Something happened to me as I stood at the microphone and recognised a sea of faces whose gaze was full of love. Clothed in the safety of an intentionally Queer space, I heard the applause and remembered that I was a body on a stage where everyone could see me.  


'I thought to myself: we all have bodies and yearn for an authentic and exquisite life'

There’s a sense of letting your guard down when you gather with people who share a common identity, where you don’t need to explain yourself or justify your being, and exhaustion transforms into ease and delight. I thought to myself: we all have bodies and yearn for an authentic and exquisite life.

I didn’t feel brave because people had taught me that I shouldn’t be seen; it felt correct to step into the electric light and know that I belonged. This thought landing in my brain was unlike any experience I’d had. I offered this demonstration of visibility to my community so that we could all step into the light of belonging in our own time and ways.

That first performance changed me. As I moved through the world, I no longer ducked my head or lowered my voice to stave off the rejection I assumed was coming. I could stride into any place, with anyone, confident in my knowledge that I deserved to exist. Later, without hesitation, I accepted Frankie’s invitation to perform again. Having cast off my self-hatred last time, I wondered what my inevitable new superpower would be, imagining that I’d soon be able to shoot lasers from my eyes.
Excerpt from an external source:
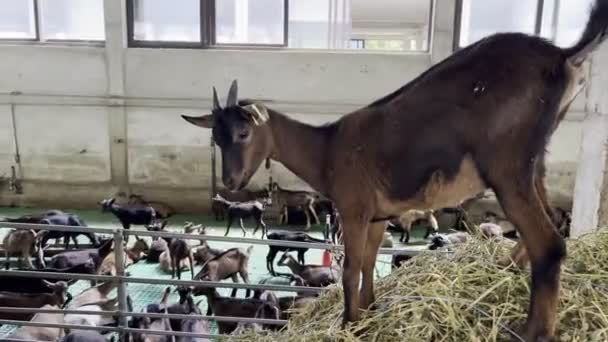 山羊站在农场的一捆干草上 高质量的4K镜头 — 图库视频影像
In the end, it was gentler than that.

'It felt natural to shrug out of my hot pink trench again, to read more risqué material and be more playful.'

This time, there were more friends in the audience because, with my newfound confidence, I’d let them know that I wanted them to attend. I had no doubt they, too, would feel the contagious joy in the air and leave with a peaceful heart and sturdier sense of self.
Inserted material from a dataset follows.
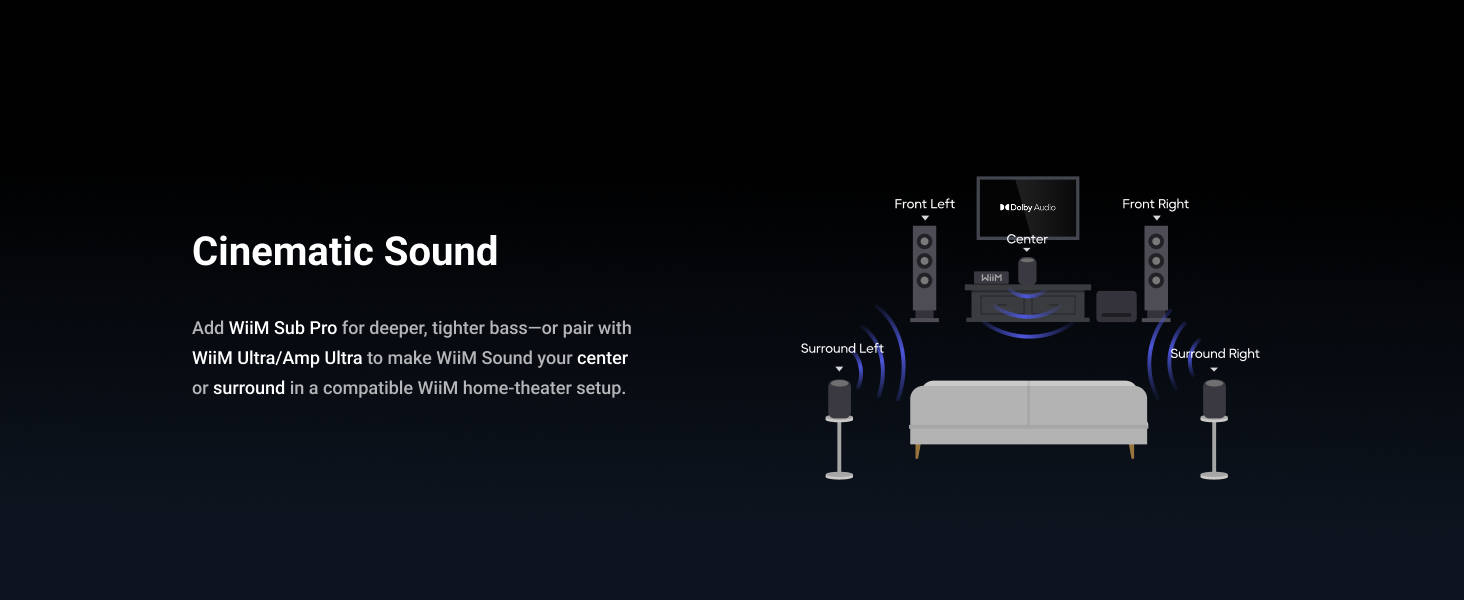 WiiM Sound Smart Speaker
It felt natural to shrug out of my hot pink trench again, to read more risqué material and be more playful. Gasps and finger clicks rumbled through the audience as my words resonated. Afterwards, I took myself out for a hot bowl of late-night pasta as all the molecules that made me gradually reintegrated into a person.


I slept for ten hours. When I woke, I was rested, soft, and strong. It felt like the missing piece of the puzzle had fallen into place. I knew down to my toes that I was as deserving as anyone else.


It has taken me 42 years and two radical performances to unravel my confusion. I know that my place is now in the light and that I can bring those I love along with me. I still celebrate my friends, but I now ensure I give myself that same gift. After all, we all have a body and they all deserve to find their stage, both mine and yours.


Jasper Peach (they/them) is a trans, non-binary and disabled writer, speaker and parent. They are passionate about equitable access and inclusion, focused around the dismantling of misplaced shame via storytelling. Their written work has been published in The Age, HireUp, The Big Issue, Archer, The Guardian, Verandah, Australian Poetry Journal, Meanjin, ABC and SBS online.